“Privacidade financeira é um direito humano básico” diz Riccardo Spagni, mantenedor do projeto Monero

Traduzido e adaptado do artigo original em inglês por Larry Cermak, publicado em theblockcrypto.com

Em palestra durante um evento de criptomoedas em Davos, Riccardo Spagni, o principal mantenedor do projeto Monero, citou os motivos pelos quais ele acredita que a privacidade é importante e por que ele acha que também deveria ser importante para todos. Segundo Spagni, a privacidade financeira é um direito humano básico.

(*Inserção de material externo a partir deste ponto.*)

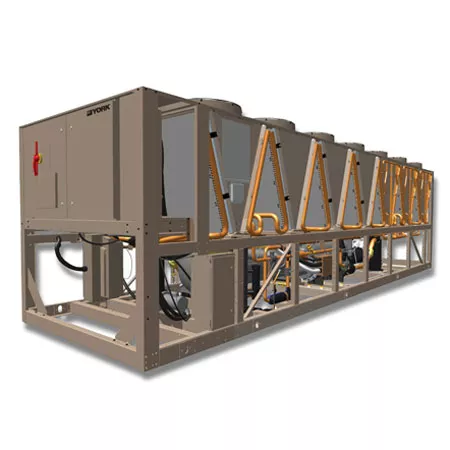 The YORK YVFA Free-cooling VSD Screw Chiller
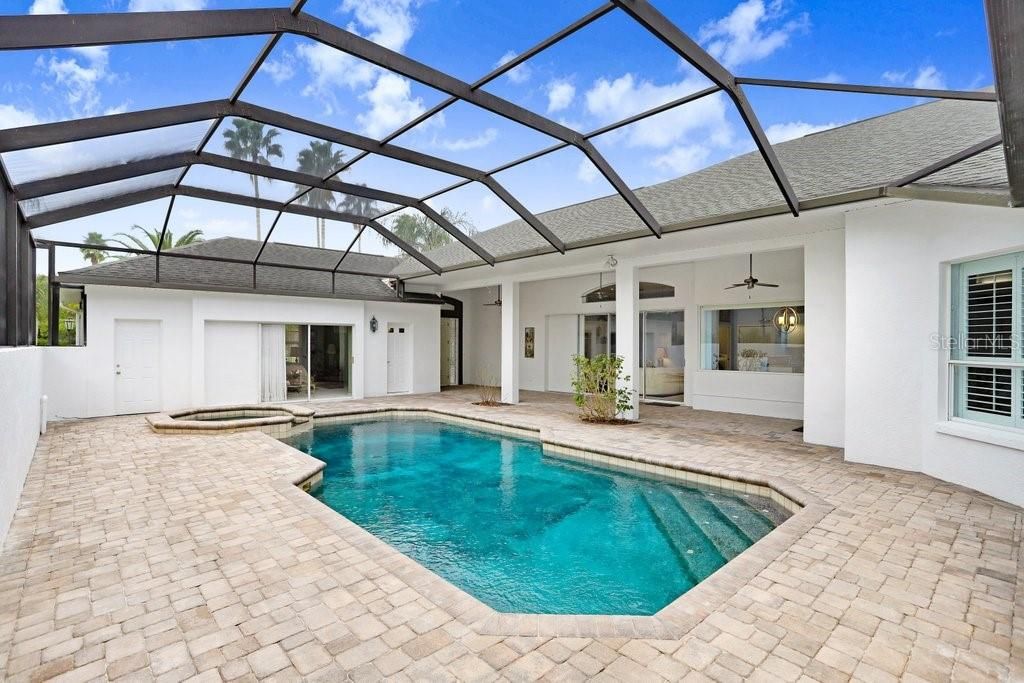 Glass Ceilings, Interior, Pool, Sun Room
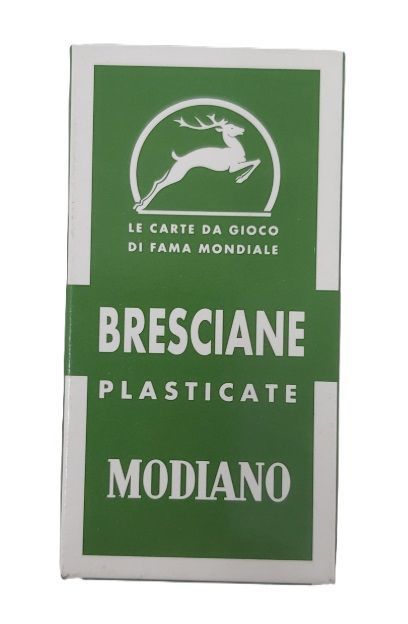 Mazzo Carte Regionali Bresciane da 52 carte Modiano Plasticate Triplex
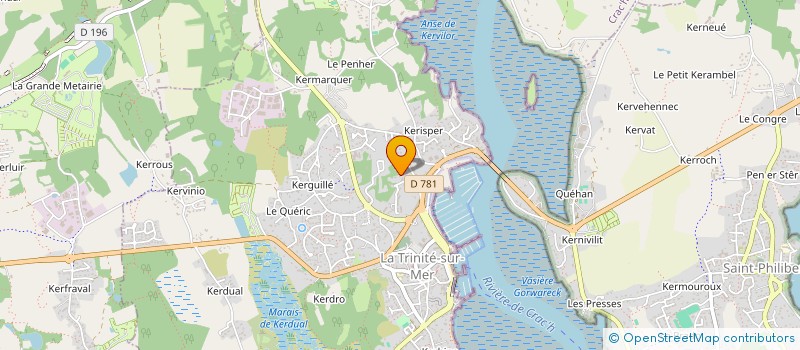 localisation de l'entreprise CUHAN  SAINT-PHILIBERT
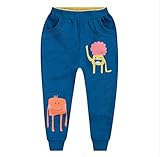 PANCY 子供服 ロングパンツ キッズ 子ども 春 秋 綿 長ズボン スウェットパンツ パンツ 男の子 女の子 ベビー おしゃれ カジュアル ファッション 可愛い 動物　怪獣 プレゼント 3色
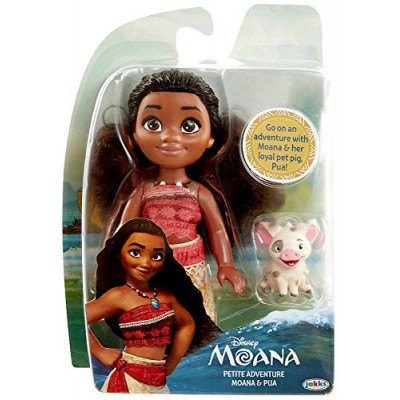 Disney Princess Petite Adventure Moana and Pua Doll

“A privacidade não é algo que você quer ter apenas para ficar se escondendo enquanto planeja derrubar o governo, ela é o estado natural das coisas”, diz ele. “Por exemplo, quando você vai ao banheiro, você geralmente fecha a porta. E você não faz isso porque planeja derrubar o governo enquanto está no banheiro. Alguns até podem fazer isso, mas você provavelmente não. Você só quer usar o banheiro”.

A privacidade é realmente importante nas finanças, de acordo com Spagni. À medida que as pessoas estão deixando de usar as cédulas e estão passando a usar cartões de crédito e outras soluções de pagamento, elas estão ganhando conveniência ao mesmo tempo em que estão perdendo privacidade. É extremamente conveniente fazer um pagamento com um smartphone, mas todos os pagamentos digitais envolvem muita regulamentação – leis que exigem que as empresas cadastrem seus clientes (KYC), leis contra lavagem de dinheiro (AML), entre outras. Portanto, o que estamos vivenciando hoje é uma troca de privacidade por conveniência.

Spagni afirma que a privacidade financeira não deveria ser uma fonte de preocupação apenas para criminosos; todas as pessoas deveriam se preocupar com a segurança e a privacidade de seus dados. Por exemplo, as pessoas devem se conscientizar que um dia o histórico das transações que elas já fizeram pode ser roubado de lojas online, de bancos ou de empresas de cartão de crédito, ou simplesmente ser vendido a terceiros.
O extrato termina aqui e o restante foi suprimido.